High-Sensitivity Radio Astronomy
Cambridge Contemporary Astrophysics series
This book consists of 52 articles on various topics in radio astronomy from a conference at Jodrell Bank in 1996. While some of the longer articles are fascinating, most of the articles aren't long enough to say much beyond a basic reporting of major findings.
Achieving high sensitivity is a difficult problem in radio astronomy. Sensitivity and angular resolution are both acutely compromised at radio wavelengths; the first radio images of supernovas at some wavelengths have been acquired only recently. Only a tiny fraction of stars are even detectable with the current generation of radio telescopes. Most imaging of radio sources still requires either interferometry or tedious scanning one point at a time with a dish. Significant progress in this field will probably not only require new technology, but also putting ultra-large antennas out in space.
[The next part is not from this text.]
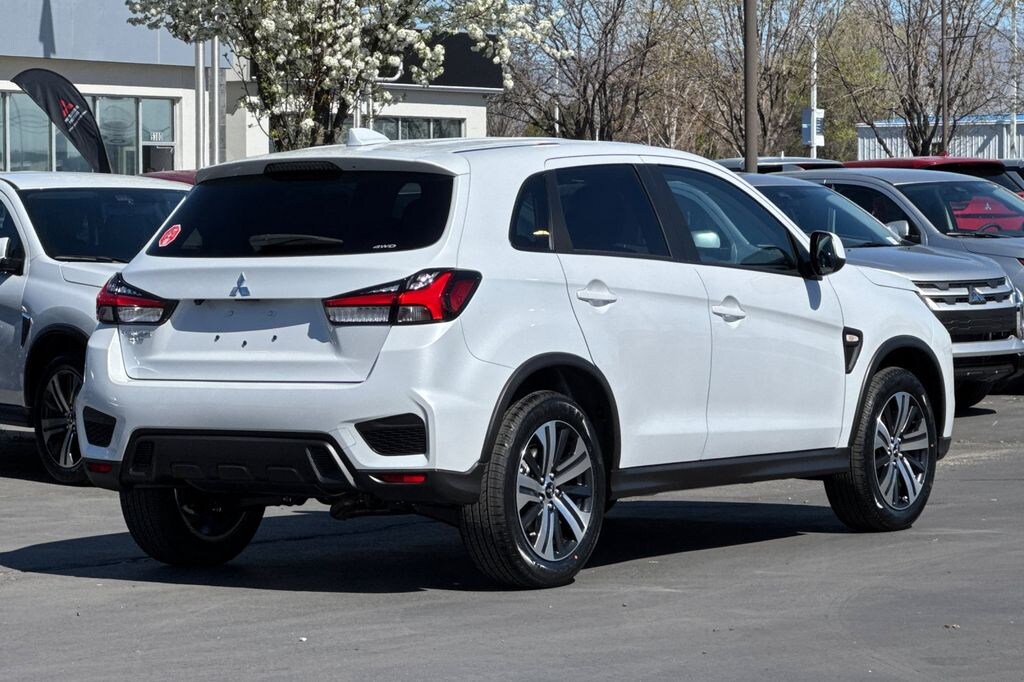 New 2026 Mitsubishi Outlander Sport 2.0 ES SUV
Most of the articles discuss such topics as circumstellar masers and determining the Hubble constant, and how these findings relate to theories of stellar evolution and stellar nuclear chemistry. Others merely catalog the radio sources that they have observed. The last section gives an overview of the bigger, better, badder antennas that are being planned. Only a few articles discuss technical issues, such as high electron mobility transistors or antenna design. The main value of this book would be to astronomers who missed the meeting--or who slept through it--and need to know which objects their colleagues are studying, their ascension and declination, and their intensities.